::: Data section :::
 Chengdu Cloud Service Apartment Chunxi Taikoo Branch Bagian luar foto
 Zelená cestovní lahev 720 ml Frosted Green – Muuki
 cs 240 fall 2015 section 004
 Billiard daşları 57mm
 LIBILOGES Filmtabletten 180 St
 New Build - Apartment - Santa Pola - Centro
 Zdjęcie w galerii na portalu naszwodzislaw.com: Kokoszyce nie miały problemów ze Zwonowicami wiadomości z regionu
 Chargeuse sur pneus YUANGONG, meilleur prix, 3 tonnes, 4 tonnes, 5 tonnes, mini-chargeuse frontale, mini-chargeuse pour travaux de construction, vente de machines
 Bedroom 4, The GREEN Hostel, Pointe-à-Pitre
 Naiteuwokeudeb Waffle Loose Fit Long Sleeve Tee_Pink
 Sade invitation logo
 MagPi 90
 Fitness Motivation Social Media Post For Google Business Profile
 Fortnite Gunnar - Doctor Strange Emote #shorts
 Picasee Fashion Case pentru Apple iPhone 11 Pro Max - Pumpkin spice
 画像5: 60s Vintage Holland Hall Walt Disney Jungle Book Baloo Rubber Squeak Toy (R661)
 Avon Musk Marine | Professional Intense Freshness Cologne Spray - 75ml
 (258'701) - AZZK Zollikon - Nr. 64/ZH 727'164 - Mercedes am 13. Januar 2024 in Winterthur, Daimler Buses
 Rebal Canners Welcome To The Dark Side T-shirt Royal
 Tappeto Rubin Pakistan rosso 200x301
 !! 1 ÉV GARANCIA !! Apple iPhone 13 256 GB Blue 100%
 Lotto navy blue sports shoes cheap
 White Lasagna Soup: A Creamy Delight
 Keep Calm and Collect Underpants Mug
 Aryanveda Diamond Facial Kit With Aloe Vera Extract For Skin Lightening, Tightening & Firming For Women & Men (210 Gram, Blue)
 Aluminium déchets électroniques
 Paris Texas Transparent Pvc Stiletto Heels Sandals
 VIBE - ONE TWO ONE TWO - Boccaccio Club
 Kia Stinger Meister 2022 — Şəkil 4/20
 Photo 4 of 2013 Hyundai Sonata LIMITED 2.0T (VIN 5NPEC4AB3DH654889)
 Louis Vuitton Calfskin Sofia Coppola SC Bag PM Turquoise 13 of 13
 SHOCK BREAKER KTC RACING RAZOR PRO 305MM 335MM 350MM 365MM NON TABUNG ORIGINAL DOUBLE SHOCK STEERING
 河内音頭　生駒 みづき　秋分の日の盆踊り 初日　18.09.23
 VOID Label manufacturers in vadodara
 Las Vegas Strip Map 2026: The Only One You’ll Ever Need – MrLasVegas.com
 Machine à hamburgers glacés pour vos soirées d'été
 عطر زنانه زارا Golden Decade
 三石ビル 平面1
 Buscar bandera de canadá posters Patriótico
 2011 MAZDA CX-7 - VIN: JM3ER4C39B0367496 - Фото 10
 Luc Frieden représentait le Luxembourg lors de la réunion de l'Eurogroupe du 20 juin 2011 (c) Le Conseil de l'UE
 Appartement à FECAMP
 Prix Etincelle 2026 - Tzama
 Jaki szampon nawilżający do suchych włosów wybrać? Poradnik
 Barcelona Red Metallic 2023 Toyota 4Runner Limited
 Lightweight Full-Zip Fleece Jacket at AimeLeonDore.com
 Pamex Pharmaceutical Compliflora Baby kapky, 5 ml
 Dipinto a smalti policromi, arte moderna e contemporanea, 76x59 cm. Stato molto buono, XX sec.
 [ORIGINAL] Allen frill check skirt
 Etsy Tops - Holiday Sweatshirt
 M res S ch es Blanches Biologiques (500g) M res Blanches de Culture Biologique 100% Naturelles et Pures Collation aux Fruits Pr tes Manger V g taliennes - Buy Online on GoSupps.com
:::
Task requirements ->
Should a line in the material contain "Apple", copy it.

Worked solution ->
 Picasee Fashion Case pentru Apple iPhone 11 Pro Max - Pumpkin spice
 !! 1 ÉV GARANCIA !! Apple iPhone 13 256 GB Blue 100%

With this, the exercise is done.